Oltre 35 gli stand enogastronomici dove si potranno trovare tantissimi prodotti tipici delle regioni Abruzzo e Molise, proposti direttamente dai produttori che saranno a disposizione per spiegare metodi di lavorazione e materie prime utilizzate, oltre che per fare degustare le loro specialità più deliziose, presso gli stand sarà anche possibile effettuare piccoli o grandi ordini e acquistare i prodotti tipici per non perdere la possibilità di assaporarli anche a casa. Tutti prodotti che stanno avendo un grande successo a Roma dove formaggio, olio, miele, aglio, salumi e yogurt prodotti nell’Alto Sangro e nella Valle peligna sono sempre più presneti sulle tavole dei romani.

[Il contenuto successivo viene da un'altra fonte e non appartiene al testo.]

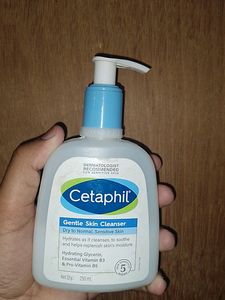 Cetaphil Face Wash Or Cleanser 250ml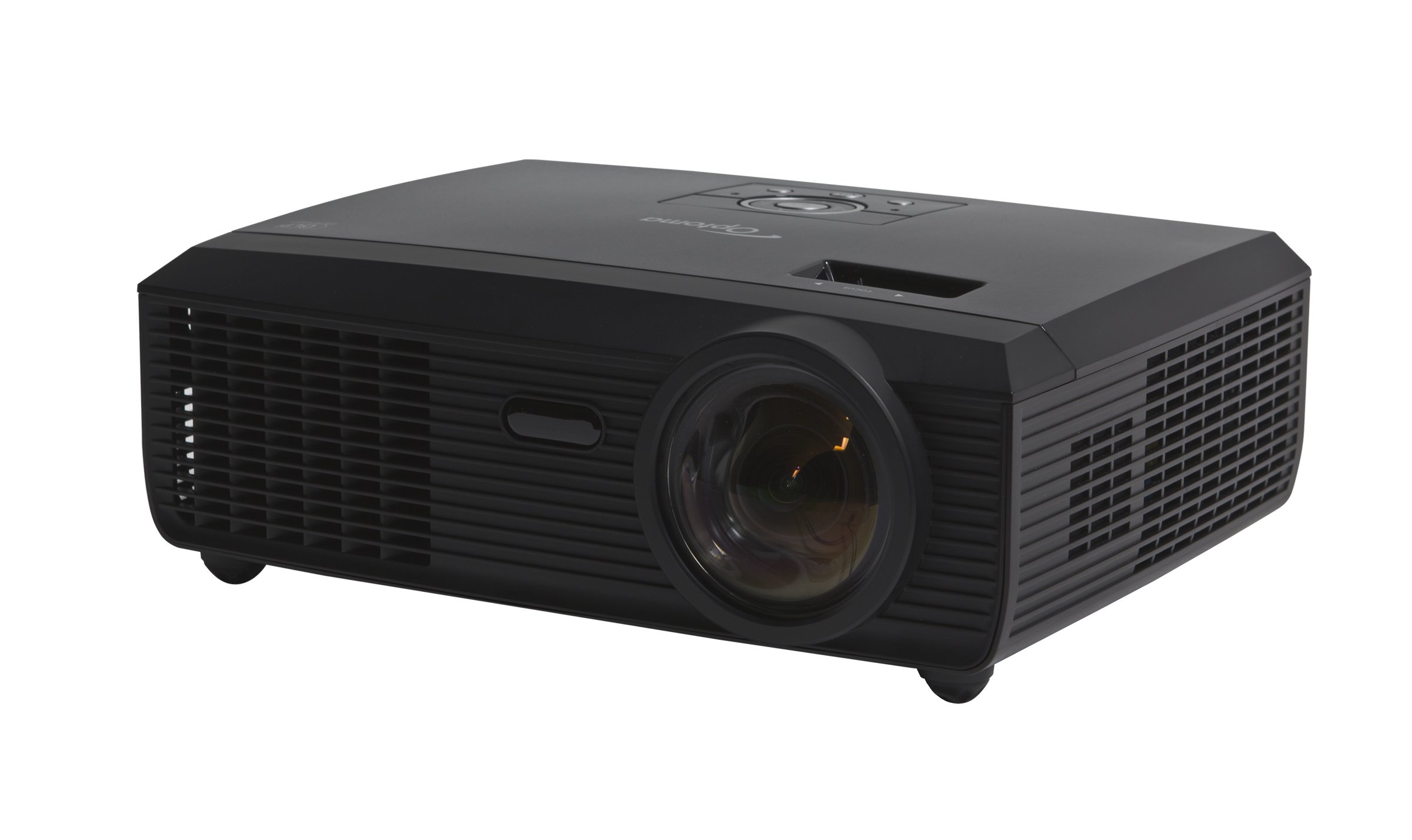Optoma TX610ST, XGA, 3100 ANSI Lumens, 3D-Multimedia Projector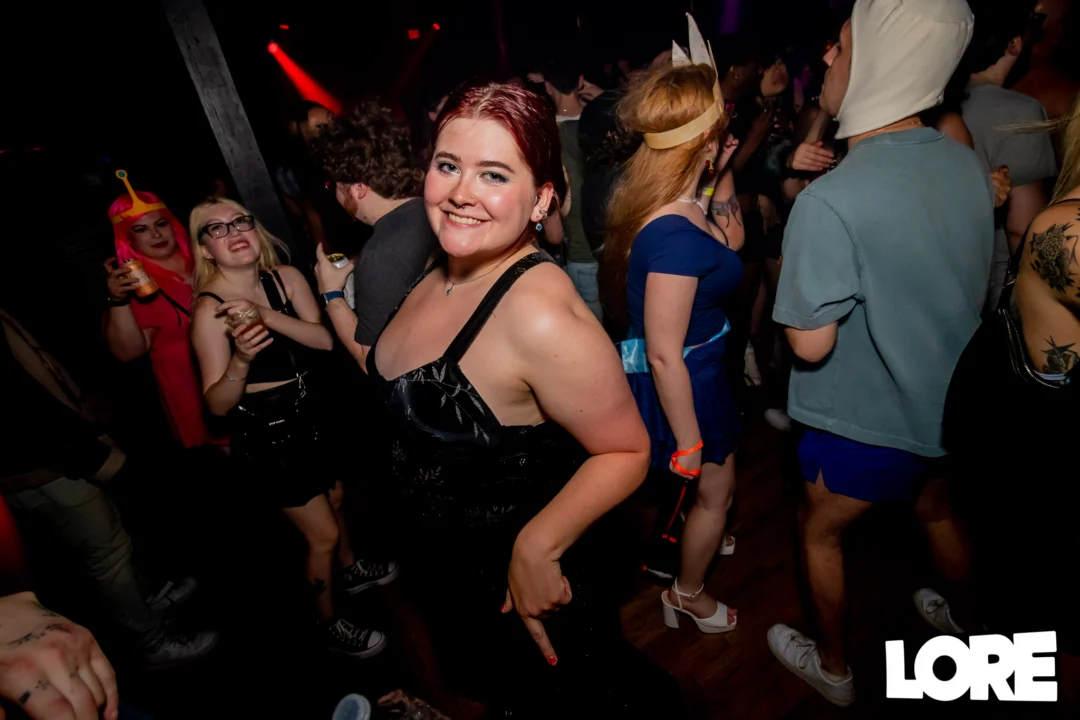 Hot Mess - dance pop party - June 2025 - Kimber was the DJ - Photo by @hellacurious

“I prodotti tipici dell’Alto Sangro e della Valle Peligna ed anche del vicino Molise”, spiega Alessandro Amicone, presidente dell’associazione Roccaraso Futura, “fanno parte del patrimonio della tradizione italiana e per questo la nostra associazione intende omaggiare questa tradizione dando ampio spazio a tutti i produttori artigianali, soprattutto quelli di piccole e medie dimensioni, per valorizzare uno degli elementi che più caratterizzano la nostra regione e il nostro territorio nel mondo”.

“C’è bisogno di fare rete e promuovere le nostre eccellenze”, aggiunge Amicone, “per dare un nuovo impulso al turismo anche nei periodi non invernali. Ci auguriamo che il prossimo anno aderiscano anche altri comuni del nostro territorio”. “La promozione di questa fiera”, conclude il presidente dell’associazione Roccaraso Futura,” l’abbiamo puntata anche sui bacini delle grandi aree metropolitane come Roma, Napoli e Bari. Siamo convinti che potrà essere un’occasione di turismo enogastronomico che rinsalda un legame antico tra il nostro territorio e questa grandi areee metroplitane”.